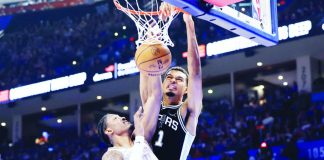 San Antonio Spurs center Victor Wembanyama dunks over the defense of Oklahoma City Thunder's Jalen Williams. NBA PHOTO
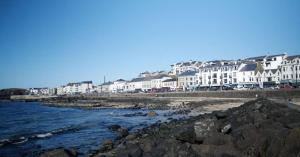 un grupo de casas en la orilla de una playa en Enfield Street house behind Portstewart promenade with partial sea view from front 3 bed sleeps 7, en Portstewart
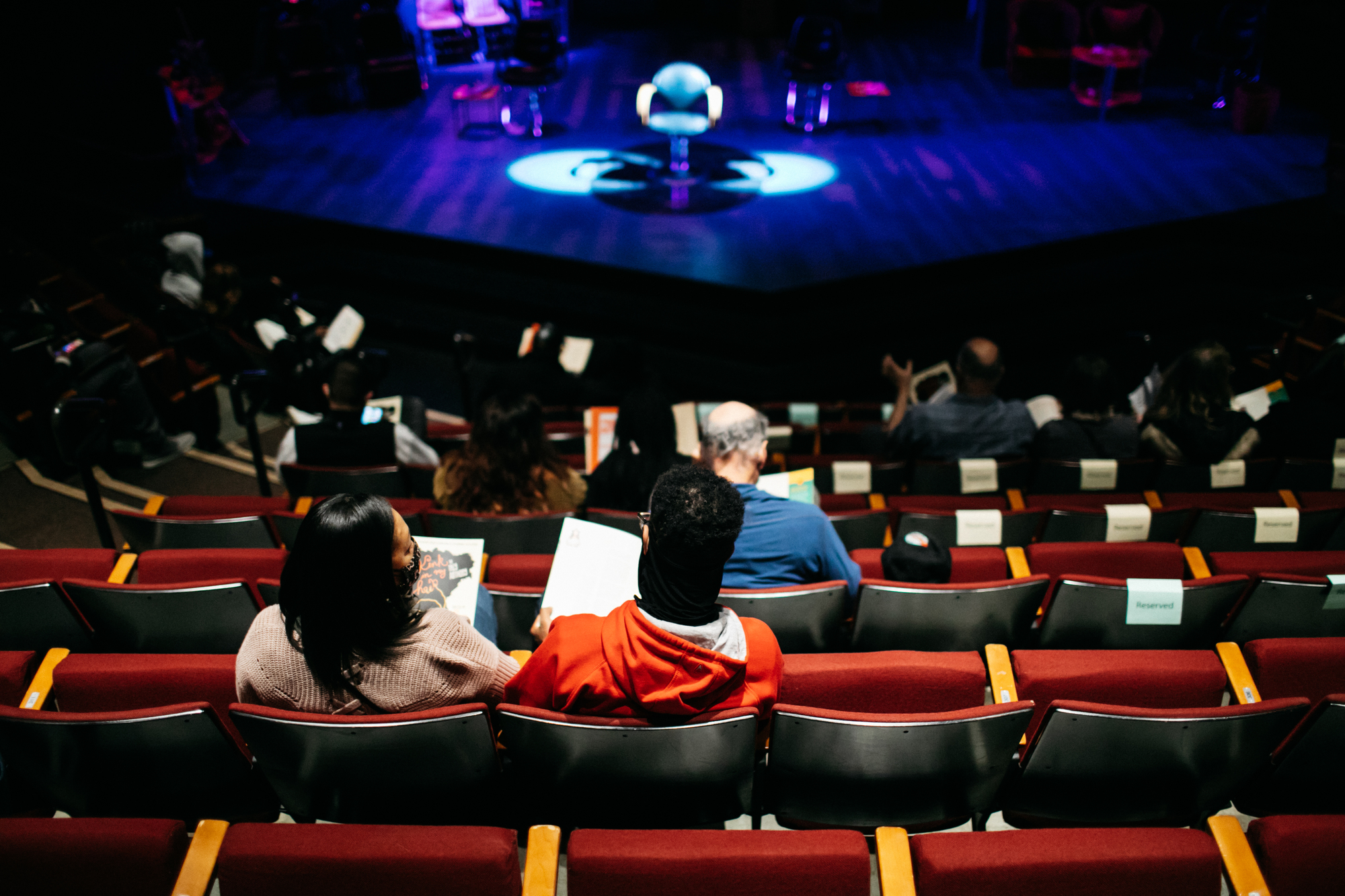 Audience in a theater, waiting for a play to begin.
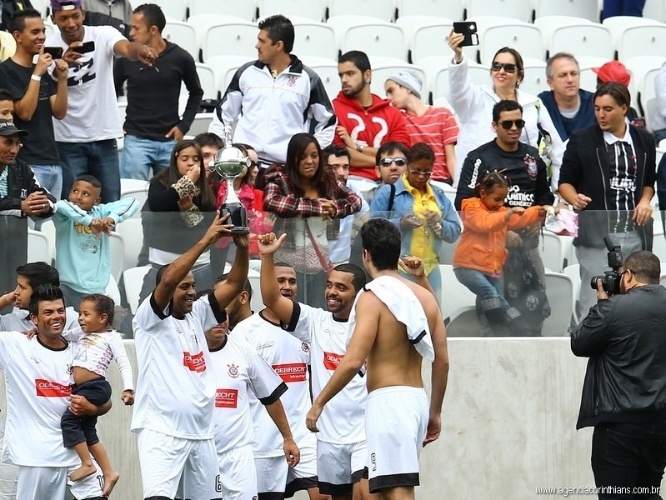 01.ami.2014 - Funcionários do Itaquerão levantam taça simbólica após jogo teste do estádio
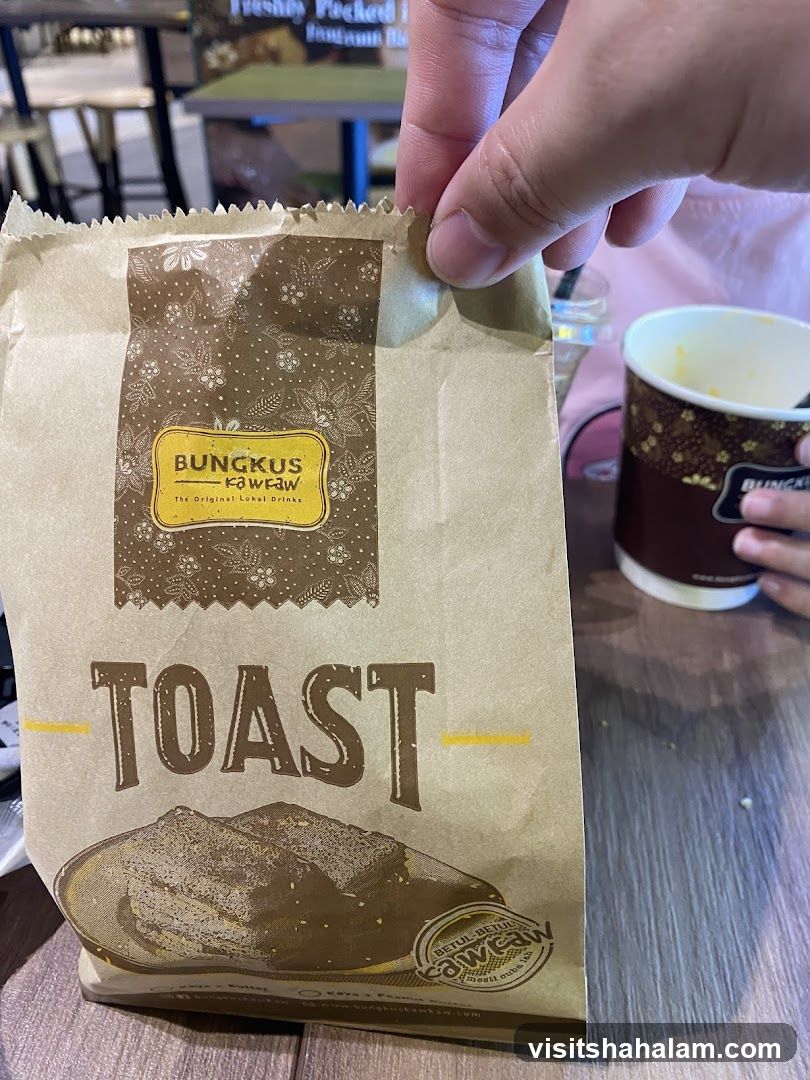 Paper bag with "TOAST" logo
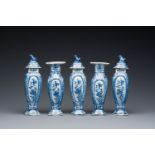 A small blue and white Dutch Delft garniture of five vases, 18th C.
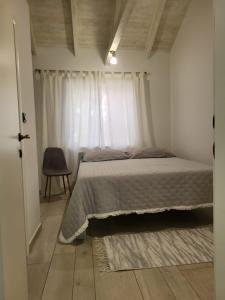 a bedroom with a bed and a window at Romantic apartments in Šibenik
::::::
● **Exercise aim**
Leave every picture out and write out exactly the lines from the line with "Audience in a" through the last line of the material.

● **Output**
 Audience in a theater, waiting for a play to begin.
 01.ami.2014 - Funcionários do Itaquerão levantam taça simbólica após jogo teste do estádio
 Paper bag with "TOAST" logo
 A small blue and white Dutch Delft garniture of five vases, 18th C.
 a bedroom with a bed and a window at Romantic apartments in Šibenik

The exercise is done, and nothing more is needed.